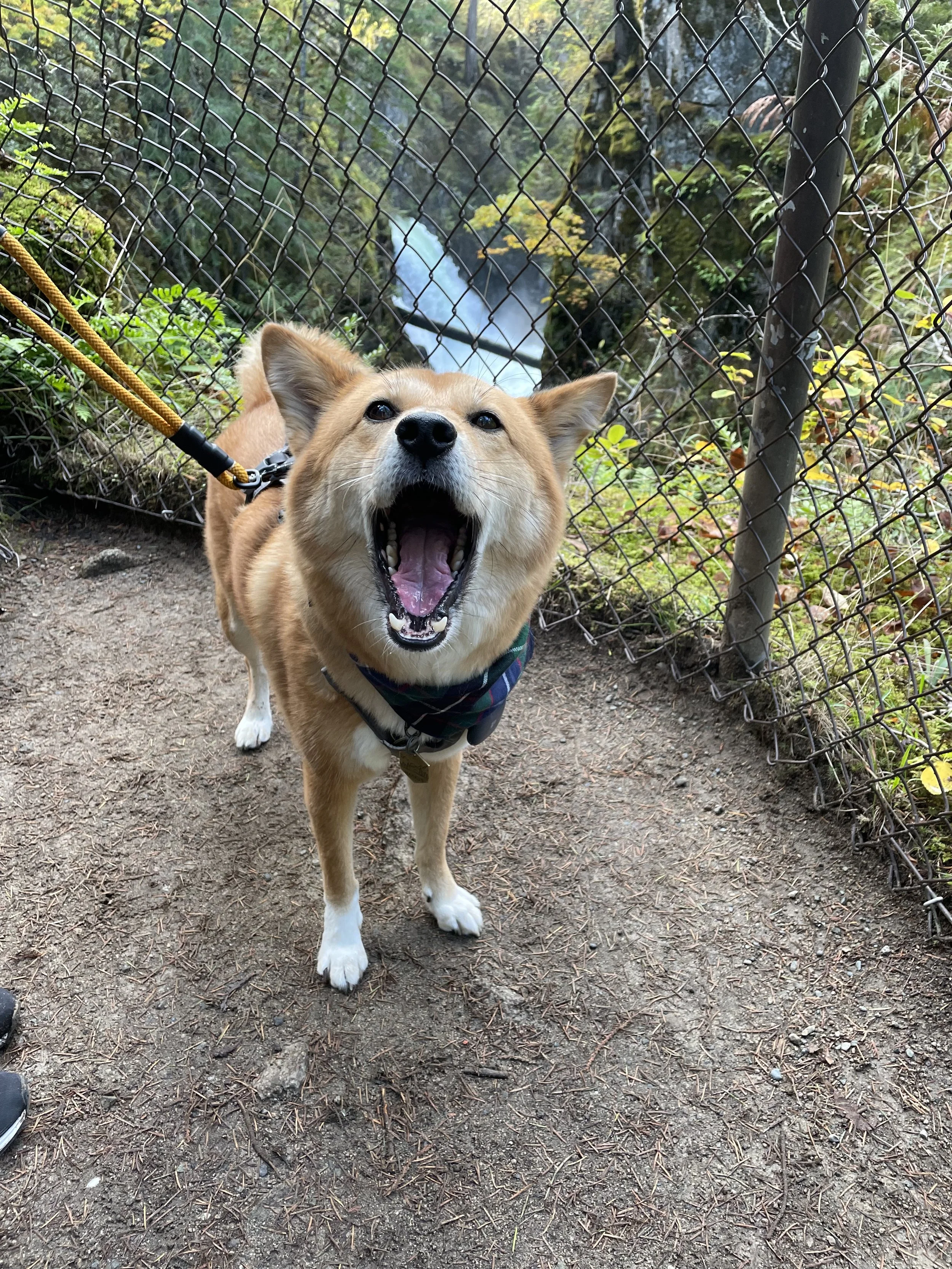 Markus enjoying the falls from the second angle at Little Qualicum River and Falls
...
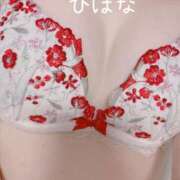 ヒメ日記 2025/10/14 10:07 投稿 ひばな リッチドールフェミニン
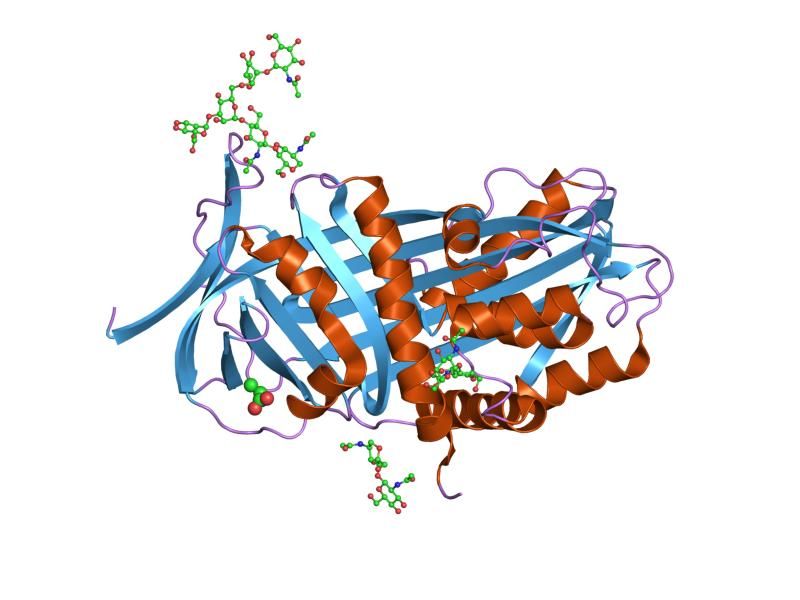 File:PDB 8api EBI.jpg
* * *
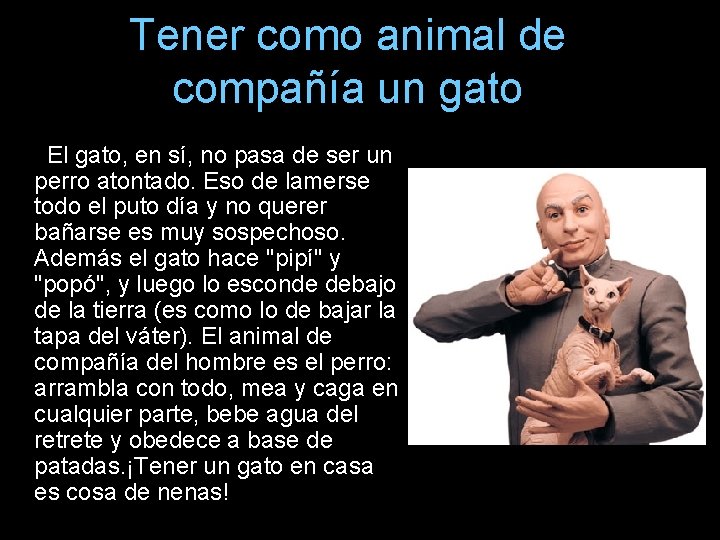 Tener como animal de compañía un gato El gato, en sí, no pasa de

* [Task to complete] Look above for the line with "ヒメ日記 2025/10/14 10:07 投稿 ひばな リッチドールフェミニン", then give again exactly every line from there through the line with "File:PDB 8api EBI.jpg", skipping the pictures.

* [Output below]
 ヒメ日記 2025/10/14 10:07 投稿 ひばな リッチドールフェミニン
 File:PDB 8api EBI.jpg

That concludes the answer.